Available data:
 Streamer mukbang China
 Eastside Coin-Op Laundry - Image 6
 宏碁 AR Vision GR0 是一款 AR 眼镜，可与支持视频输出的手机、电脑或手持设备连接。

Exercise details: Your reply should be the material above, repeated word for word.

Response to this exercise:
 Streamer mukbang China
 Eastside Coin-Op Laundry - Image 6
 宏碁 AR Vision GR0 是一款 AR 眼镜，可与支持视频输出的手机、电脑或手持设备连接。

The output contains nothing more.